Web page caption snippets:
* * * * * * *

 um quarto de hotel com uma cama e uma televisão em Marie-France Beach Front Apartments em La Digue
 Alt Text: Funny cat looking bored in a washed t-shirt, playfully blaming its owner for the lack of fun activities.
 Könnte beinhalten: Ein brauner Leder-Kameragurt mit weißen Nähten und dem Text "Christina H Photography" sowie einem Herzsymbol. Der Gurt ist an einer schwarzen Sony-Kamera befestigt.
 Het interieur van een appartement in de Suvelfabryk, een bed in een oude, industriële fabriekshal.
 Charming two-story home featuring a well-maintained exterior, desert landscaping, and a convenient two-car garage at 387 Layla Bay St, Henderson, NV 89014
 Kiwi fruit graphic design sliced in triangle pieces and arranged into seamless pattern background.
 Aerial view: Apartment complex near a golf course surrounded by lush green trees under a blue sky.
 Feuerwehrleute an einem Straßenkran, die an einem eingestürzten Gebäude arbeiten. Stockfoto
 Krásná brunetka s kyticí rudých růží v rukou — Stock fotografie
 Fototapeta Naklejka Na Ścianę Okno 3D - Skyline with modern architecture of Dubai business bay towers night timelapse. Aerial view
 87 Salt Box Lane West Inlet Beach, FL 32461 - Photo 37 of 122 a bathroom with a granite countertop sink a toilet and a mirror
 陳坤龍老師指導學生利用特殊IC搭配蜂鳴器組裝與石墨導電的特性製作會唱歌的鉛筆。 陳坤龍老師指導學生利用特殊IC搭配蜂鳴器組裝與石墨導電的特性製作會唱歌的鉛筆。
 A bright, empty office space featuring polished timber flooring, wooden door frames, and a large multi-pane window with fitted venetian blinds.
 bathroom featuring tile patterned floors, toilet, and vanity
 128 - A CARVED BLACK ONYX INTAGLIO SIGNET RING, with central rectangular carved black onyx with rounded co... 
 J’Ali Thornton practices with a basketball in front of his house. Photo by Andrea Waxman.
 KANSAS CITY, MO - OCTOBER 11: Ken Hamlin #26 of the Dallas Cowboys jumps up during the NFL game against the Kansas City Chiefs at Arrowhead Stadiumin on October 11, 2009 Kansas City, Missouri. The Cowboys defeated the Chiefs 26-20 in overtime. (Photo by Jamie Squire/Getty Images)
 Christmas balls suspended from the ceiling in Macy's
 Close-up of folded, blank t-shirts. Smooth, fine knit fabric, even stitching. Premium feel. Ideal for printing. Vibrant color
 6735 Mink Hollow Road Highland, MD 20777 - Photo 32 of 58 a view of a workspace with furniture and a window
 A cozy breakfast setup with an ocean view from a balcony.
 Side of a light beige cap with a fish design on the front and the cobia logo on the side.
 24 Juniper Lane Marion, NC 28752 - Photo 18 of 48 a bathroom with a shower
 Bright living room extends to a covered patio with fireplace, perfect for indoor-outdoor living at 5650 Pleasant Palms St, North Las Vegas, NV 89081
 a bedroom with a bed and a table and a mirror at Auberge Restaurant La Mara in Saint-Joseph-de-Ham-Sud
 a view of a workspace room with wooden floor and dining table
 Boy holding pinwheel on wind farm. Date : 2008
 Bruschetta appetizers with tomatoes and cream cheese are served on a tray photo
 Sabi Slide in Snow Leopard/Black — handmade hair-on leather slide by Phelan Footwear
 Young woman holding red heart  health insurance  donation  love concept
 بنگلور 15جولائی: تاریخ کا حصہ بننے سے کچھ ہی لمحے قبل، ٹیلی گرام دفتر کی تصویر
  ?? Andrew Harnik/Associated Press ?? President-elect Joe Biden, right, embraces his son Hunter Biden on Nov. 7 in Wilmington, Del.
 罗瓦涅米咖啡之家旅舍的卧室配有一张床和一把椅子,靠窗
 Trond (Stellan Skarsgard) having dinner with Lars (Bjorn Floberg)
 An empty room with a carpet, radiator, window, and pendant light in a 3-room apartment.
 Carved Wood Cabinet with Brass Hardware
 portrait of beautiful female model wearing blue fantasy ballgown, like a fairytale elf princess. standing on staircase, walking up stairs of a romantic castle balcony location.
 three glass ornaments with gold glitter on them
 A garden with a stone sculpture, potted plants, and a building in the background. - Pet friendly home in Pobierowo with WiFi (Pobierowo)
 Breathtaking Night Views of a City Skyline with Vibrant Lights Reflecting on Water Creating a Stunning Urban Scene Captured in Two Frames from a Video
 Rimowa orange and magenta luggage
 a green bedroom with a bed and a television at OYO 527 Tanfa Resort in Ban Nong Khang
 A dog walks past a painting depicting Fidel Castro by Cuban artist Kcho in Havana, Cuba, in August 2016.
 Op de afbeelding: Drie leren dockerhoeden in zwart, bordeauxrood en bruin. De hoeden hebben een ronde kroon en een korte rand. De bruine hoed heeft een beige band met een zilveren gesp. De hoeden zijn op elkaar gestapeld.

* * * * * * *

Your objective> Among the lines above, count those containing the string "wooden"; please give the count alone.

Solution to this problem> 2